__Activity__:
Below is a listing from which only part is wanted; return exactly the lines from the one with "Wafflera 3 en 1 con Placas Intercambiables" up to and including the one with "50Pcs Waterproof Vintage".

__Data for this exercise__:
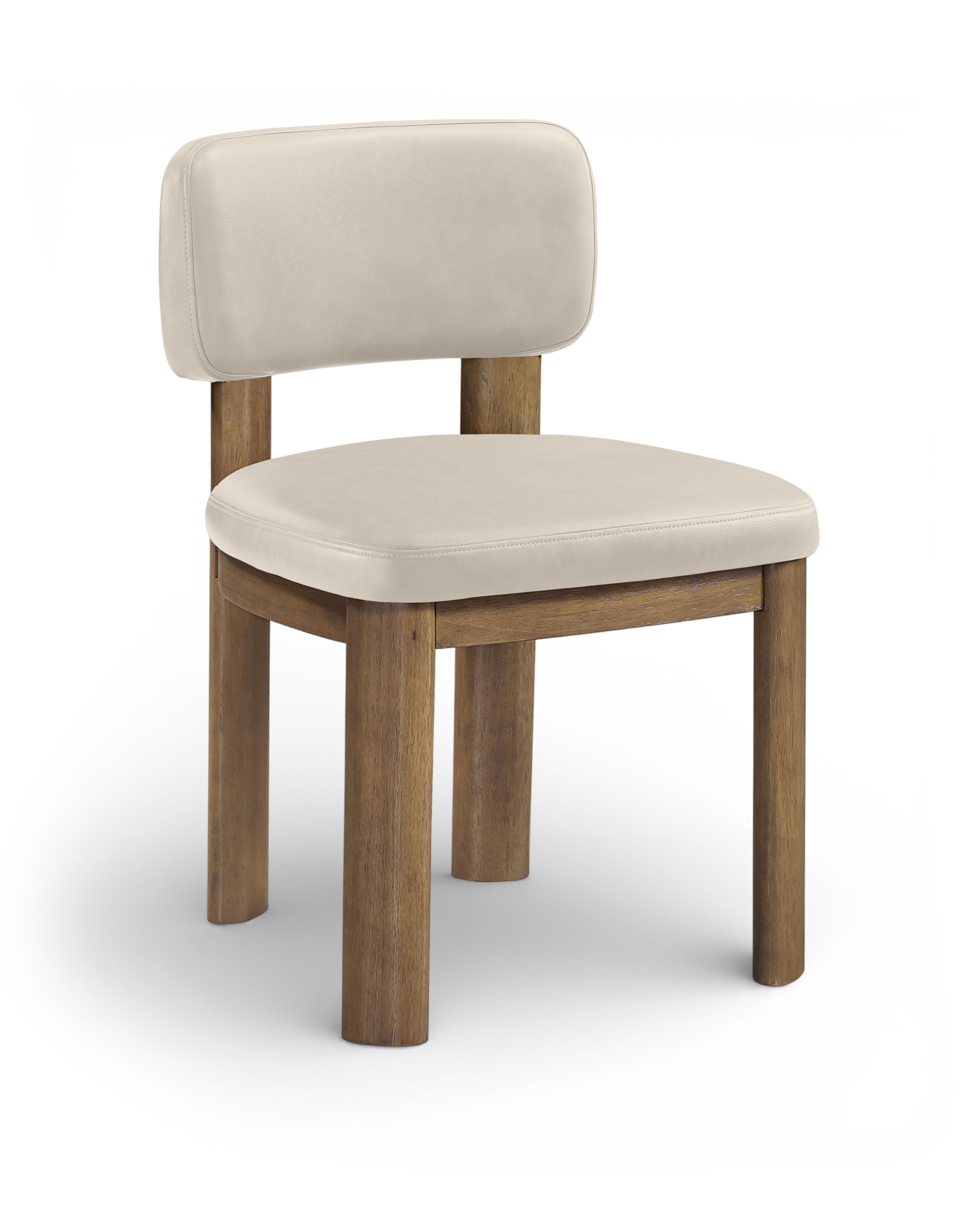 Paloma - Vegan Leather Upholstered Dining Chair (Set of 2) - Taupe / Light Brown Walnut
--
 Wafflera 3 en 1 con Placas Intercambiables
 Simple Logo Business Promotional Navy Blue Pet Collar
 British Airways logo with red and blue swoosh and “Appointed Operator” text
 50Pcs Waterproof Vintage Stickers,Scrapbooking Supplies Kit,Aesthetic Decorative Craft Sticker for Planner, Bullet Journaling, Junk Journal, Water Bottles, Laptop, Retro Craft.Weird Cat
...
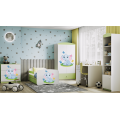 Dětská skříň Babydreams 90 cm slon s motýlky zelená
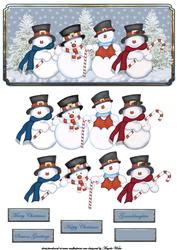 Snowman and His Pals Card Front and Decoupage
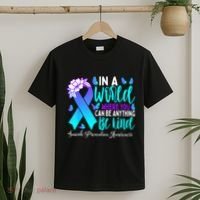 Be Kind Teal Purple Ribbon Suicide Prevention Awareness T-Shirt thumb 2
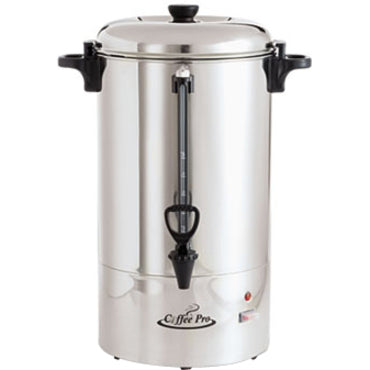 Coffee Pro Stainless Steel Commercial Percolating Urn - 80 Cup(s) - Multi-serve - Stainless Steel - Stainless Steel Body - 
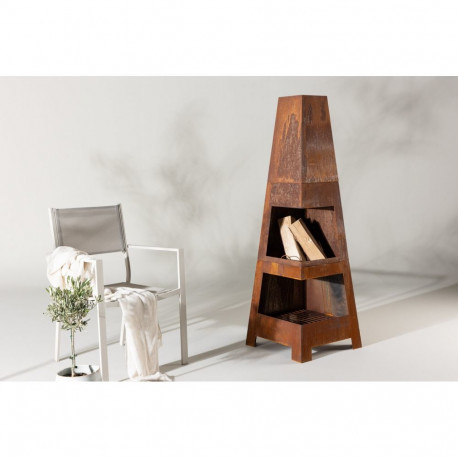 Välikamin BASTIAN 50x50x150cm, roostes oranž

__Answer to this task__:
 Wafflera 3 en 1 con Placas Intercambiables
 Simple Logo Business Promotional Navy Blue Pet Collar
 British Airways logo with red and blue swoosh and “Appointed Operator” text
 50Pcs Waterproof Vintage Stickers,Scrapbooking Supplies Kit,Aesthetic Decorative Craft Sticker for Planner, Bullet Journaling, Junk Journal, Water Bottles, Laptop, Retro Craft.Weird Cat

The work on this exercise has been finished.